What is required | The material below holds a span beginning at the line with "142 Chesser Loop Rd, Birmingham, AL 35043" and ending at the line with "Feu Arriere Droit". Quote that span exactly, both ends included, and only that span.

[Opening Data to process section]

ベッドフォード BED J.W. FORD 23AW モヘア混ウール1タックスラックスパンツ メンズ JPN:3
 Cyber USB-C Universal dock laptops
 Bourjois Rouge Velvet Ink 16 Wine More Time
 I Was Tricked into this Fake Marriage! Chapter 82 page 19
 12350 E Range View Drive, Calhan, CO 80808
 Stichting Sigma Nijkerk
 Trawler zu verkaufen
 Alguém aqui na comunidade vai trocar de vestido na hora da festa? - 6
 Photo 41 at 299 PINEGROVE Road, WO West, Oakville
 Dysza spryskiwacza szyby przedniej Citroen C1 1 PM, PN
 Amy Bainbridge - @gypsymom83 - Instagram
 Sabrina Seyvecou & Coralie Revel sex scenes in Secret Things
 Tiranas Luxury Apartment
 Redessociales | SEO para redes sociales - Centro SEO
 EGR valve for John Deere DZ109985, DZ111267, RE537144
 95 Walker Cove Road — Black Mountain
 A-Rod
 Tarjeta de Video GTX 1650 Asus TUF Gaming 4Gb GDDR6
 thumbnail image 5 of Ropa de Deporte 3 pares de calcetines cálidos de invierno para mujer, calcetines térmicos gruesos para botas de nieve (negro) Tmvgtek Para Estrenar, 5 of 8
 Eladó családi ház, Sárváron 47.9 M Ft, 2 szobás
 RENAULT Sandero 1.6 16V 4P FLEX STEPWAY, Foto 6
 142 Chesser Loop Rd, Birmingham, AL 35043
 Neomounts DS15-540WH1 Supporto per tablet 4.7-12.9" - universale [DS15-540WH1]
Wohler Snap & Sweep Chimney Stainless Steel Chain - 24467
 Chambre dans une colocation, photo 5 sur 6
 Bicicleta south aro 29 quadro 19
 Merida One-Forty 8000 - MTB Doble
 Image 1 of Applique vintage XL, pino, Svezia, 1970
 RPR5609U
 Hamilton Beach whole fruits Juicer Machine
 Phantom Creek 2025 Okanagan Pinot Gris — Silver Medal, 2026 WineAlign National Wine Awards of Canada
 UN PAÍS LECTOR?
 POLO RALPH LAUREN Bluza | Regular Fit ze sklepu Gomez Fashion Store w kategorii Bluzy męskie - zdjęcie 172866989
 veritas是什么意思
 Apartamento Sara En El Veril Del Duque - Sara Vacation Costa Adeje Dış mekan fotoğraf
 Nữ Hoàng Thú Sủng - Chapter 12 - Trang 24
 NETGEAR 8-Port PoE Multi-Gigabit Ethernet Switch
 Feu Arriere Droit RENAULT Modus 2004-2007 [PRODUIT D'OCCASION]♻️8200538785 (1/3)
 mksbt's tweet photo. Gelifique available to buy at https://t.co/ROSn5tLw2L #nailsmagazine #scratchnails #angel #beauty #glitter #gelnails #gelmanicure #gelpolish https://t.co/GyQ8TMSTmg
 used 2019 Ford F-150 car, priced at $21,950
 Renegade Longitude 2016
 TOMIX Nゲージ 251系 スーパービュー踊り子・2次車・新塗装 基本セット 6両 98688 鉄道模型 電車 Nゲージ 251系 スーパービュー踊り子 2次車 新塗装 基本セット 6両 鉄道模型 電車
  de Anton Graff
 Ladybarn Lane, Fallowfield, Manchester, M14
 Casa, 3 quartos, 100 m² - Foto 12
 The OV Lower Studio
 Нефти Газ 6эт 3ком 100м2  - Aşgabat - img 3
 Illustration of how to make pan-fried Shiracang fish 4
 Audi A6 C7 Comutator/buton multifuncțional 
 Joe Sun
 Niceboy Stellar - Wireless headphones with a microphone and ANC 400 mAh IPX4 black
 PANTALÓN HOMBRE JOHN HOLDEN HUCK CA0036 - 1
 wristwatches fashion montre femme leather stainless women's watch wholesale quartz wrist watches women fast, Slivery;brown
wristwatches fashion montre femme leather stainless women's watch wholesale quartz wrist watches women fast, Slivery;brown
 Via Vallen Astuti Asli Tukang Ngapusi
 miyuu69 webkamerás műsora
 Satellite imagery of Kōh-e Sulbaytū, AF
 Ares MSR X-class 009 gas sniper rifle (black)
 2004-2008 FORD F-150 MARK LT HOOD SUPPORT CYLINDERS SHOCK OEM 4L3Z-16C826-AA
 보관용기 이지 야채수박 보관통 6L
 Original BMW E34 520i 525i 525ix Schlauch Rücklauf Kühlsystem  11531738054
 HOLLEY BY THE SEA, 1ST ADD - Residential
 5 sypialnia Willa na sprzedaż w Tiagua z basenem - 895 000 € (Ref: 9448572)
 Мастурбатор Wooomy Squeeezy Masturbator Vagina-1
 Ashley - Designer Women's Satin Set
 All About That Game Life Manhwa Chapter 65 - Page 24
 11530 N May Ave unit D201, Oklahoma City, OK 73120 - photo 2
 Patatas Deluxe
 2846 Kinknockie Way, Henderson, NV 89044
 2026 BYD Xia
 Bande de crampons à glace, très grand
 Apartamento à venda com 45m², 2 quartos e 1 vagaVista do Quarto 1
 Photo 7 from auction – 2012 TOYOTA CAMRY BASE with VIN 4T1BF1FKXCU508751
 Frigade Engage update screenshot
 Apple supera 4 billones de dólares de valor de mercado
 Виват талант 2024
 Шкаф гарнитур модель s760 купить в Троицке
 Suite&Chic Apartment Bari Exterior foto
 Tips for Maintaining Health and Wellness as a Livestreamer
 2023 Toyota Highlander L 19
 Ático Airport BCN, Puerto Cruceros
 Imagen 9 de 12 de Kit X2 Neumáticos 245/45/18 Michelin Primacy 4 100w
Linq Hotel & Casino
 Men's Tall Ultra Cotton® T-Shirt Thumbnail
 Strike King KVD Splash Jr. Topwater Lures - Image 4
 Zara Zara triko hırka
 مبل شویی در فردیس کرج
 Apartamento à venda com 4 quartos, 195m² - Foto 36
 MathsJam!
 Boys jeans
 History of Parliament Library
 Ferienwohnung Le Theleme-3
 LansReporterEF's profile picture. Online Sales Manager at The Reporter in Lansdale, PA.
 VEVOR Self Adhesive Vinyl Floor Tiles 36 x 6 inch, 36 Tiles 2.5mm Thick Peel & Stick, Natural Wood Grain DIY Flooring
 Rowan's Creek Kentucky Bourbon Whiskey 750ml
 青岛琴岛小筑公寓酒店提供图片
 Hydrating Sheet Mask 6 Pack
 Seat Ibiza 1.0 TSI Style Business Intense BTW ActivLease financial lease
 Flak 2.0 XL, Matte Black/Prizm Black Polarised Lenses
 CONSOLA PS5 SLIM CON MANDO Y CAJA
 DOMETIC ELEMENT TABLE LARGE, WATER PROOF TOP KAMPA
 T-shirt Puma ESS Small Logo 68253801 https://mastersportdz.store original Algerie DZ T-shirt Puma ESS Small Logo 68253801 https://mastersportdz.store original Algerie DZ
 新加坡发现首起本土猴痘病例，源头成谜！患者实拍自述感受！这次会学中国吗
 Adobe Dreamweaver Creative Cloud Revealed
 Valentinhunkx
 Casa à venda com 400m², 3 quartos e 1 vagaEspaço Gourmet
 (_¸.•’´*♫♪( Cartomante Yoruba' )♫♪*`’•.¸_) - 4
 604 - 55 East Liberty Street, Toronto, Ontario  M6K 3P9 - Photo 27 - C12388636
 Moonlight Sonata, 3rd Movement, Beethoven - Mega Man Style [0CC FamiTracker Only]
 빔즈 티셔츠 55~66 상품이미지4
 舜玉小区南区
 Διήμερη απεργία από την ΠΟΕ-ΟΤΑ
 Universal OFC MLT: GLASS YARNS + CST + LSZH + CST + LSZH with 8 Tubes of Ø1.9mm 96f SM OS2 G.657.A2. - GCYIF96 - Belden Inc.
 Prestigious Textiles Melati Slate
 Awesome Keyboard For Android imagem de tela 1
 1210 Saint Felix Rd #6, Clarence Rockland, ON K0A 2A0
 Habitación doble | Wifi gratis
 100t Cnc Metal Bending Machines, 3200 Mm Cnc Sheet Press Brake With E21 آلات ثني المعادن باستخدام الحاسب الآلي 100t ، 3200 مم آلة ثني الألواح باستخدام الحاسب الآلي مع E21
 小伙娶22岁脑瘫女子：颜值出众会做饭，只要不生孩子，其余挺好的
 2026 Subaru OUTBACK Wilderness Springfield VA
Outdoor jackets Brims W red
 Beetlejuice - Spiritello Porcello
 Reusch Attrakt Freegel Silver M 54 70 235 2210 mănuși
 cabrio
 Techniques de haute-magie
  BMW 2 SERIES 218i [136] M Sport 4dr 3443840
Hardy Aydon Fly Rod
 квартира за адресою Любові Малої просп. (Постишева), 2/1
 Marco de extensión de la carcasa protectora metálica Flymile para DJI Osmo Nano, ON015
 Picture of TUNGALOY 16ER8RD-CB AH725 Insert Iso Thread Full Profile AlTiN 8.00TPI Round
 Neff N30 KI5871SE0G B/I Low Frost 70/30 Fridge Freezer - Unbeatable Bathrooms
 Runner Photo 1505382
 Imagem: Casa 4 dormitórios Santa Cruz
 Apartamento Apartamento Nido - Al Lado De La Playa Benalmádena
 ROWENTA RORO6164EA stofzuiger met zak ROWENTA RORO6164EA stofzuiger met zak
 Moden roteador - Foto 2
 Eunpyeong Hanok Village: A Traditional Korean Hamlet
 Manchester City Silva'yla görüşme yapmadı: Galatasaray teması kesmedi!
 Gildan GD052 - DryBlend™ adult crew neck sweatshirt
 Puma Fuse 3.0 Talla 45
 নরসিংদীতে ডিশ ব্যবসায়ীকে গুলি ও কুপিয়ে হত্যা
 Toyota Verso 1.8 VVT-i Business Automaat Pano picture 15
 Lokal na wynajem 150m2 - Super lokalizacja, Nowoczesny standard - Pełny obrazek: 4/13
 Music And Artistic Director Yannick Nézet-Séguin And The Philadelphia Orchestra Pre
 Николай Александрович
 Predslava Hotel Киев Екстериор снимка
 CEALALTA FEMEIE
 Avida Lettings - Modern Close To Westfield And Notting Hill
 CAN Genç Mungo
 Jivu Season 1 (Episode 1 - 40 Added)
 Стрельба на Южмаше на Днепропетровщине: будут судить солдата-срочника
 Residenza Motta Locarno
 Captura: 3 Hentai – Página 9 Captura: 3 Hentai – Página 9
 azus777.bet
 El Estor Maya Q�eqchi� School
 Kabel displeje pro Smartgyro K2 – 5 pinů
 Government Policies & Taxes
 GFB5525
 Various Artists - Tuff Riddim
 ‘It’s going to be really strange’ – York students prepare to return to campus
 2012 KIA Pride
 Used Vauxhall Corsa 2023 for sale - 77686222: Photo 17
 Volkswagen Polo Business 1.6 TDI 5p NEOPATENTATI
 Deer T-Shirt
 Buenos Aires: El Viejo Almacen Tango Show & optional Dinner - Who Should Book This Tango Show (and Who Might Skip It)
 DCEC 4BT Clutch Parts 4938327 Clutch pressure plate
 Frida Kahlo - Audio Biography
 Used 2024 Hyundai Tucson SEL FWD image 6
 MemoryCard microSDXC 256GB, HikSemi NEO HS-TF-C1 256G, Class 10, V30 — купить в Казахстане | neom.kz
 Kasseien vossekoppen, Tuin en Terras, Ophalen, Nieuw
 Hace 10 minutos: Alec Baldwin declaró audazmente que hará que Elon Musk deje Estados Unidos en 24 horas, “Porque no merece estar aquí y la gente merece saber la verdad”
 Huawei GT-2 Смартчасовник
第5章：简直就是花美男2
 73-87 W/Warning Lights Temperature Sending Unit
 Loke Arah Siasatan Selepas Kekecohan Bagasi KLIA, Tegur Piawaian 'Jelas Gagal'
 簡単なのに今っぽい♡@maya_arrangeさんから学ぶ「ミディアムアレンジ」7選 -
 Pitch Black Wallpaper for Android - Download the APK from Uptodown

[Closing Data to process section]

Output for this exercise |
 142 Chesser Loop Rd, Birmingham, AL 35043
 Neomounts DS15-540WH1 Supporto per tablet 4.7-12.9" - universale [DS15-540WH1]
Wohler Snap & Sweep Chimney Stainless Steel Chain - 24467
 Chambre dans une colocation, photo 5 sur 6
 Bicicleta south aro 29 quadro 19
 Merida One-Forty 8000 - MTB Doble
 Image 1 of Applique vintage XL, pino, Svezia, 1970
 RPR5609U
 Hamilton Beach whole fruits Juicer Machine
 Phantom Creek 2025 Okanagan Pinot Gris — Silver Medal, 2026 WineAlign National Wine Awards of Canada
 UN PAÍS LECTOR?
 POLO RALPH LAUREN Bluza | Regular Fit ze sklepu Gomez Fashion Store w kategorii Bluzy męskie - zdjęcie 172866989
 veritas是什么意思
 Apartamento Sara En El Veril Del Duque - Sara Vacation Costa Adeje Dış mekan fotoğraf
 Nữ Hoàng Thú Sủng - Chapter 12 - Trang 24
 NETGEAR 8-Port PoE Multi-Gigabit Ethernet Switch
 Feu Arriere Droit RENAULT Modus 2004-2007 [PRODUIT D'OCCASION]♻️8200538785 (1/3)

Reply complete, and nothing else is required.